Cleft grafting is the least-difficult grafting method that provides regular success. It is done in April and is used with larger rootstock that is over 3/4-inch in diameter. Cut the top of the rootstock off less than 30 minutes before grafting occurs. Use a knife or wedge to create a v-shaped cleft in the center of the rootstock. Shave the bottom of the scion on two sides so that it tapers to approximately 1/16-inch. Place one or two scions in the cleft so that the cambium layer of both scion and rootstock are in contact. Use grafting compound to seal the rest of the exposed wound, and tape the scion in place so that it cannot move.

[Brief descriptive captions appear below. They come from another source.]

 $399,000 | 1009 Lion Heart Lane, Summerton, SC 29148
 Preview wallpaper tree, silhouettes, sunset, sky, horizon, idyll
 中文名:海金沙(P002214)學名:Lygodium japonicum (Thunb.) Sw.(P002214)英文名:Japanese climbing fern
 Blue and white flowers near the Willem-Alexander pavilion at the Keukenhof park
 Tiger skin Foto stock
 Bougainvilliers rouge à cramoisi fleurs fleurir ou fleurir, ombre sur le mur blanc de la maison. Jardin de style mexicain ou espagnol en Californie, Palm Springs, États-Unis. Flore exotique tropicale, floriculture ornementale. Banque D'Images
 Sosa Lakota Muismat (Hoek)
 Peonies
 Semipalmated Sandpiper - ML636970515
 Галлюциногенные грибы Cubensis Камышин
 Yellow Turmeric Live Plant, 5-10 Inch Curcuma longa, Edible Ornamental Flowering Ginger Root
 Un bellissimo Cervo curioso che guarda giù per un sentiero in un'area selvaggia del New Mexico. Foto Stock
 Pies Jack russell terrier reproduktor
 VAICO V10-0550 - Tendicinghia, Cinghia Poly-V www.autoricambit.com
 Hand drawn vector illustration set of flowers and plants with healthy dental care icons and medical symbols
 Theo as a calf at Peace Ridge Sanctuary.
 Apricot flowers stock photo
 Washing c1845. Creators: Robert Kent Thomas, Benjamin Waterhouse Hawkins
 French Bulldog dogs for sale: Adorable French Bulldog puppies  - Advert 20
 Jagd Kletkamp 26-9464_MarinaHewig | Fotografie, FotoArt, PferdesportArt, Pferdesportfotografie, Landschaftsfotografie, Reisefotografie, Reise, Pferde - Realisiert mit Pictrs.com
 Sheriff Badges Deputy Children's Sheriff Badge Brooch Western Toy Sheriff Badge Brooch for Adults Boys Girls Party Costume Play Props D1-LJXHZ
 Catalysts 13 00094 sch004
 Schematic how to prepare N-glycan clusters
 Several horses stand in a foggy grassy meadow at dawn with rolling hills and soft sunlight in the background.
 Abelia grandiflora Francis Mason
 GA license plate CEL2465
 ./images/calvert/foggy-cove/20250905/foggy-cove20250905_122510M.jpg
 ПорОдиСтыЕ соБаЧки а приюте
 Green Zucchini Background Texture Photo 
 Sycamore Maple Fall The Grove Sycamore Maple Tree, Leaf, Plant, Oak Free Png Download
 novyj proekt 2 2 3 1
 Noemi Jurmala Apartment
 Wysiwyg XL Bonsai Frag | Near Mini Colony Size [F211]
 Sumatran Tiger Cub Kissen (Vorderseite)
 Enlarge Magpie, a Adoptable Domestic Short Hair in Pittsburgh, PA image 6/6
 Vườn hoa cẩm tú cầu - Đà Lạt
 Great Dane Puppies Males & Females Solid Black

Whip grafting is used on younger rootstocks that are less than 3/4-inch in diameter. The scion should closely match the size of the rootstock for best results. Whip grafting can be performed in March, since the younger wood will begin its growth phase earlier. Cut both rootstock and scion into a diagonal wedge of the same angle and length, approximately 2 inches long. Carefully match up the cambium layers of rootstock and scion, then securely fasten them together and seal with grafting tape so that the two pieces cannot move relative to each other and no moisture can escape. Watch the graft as it grows to ensure the tape breaks off and does not girdle the vine.
T-budding, or shield budding, uses only a single, mature bud from the dormant scion wood. It is performed during the growing season while the sap is flowing and the bark is easily cut and peeled back from the rootstock. On the day of grafting, remove the leaf blades from the dormant scion, but leave the stalk that attaches the leaf to the branch intact. Shave a single bud and a small sliver of underlying wood from the scion. The cut should start 1/2-inch below the bud and end 1/2-inch above the bud. Cut a T-shape into the bark of the rootstock and peel the flaps of bark back far enough to allow the bud to be inserted. If needed, trim the top of the bud chip so it will fit in the T-shaped pocket on the rootstock, and bind the graft tightly in place, leaving only the bud exposed.